Even though the week started on a down note, the S&P500 finished the week strongly by recording big gains on Thursday and Friday. The result was a third week of consecutive gains for this large cap index which closed up another 1.1%. Stock market volatility dipped, but only slightly, suggesting that investors and traders are still worried about potential price drops in the near term. And volume, during the week when prices rose, fell back somewhat, and this suggests that investors are not jumping back into the stock market with both feet.
Back in the real world, on Main Street, there wasn’t a lot of news to report. The labor market conditions index fell much more than in the prior month. And export prices also continued to slide backwards, which is bad for corporate profits. On the positive side, wholesale trade came in stronger than expected.
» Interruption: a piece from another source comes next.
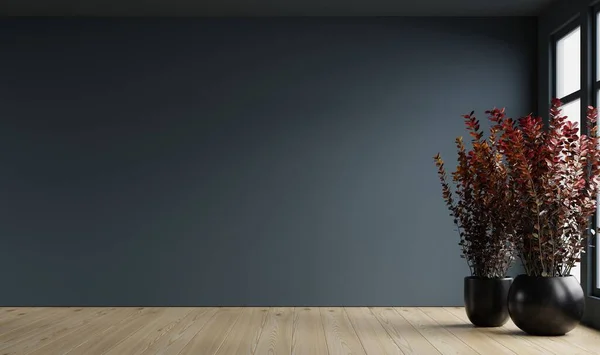 stock image Dark blue wall empty room with plants on a floor.3d rendering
And initial jobless claims fell back more than economists had projected. But keep in mind that of all major economic indicators, most job reports are lagging indicators in terms of predicting recessions. They tend to be at their strongest levels just as recessions are about to begin.
In terms of technical analysis, the picture for the S&P500 suddenly becomes very interesting. Now that a big chunk of the losses from January and February have been reversed, the question becomes—will the rally continue further and lead to new all-time highs, or will it sputter now that the traditional resistance levels are being reached (for example, the 200 day moving average is now directly overhead and will be an area where many stock holders look to sell in order to get out of formerly losing positions that were added in December).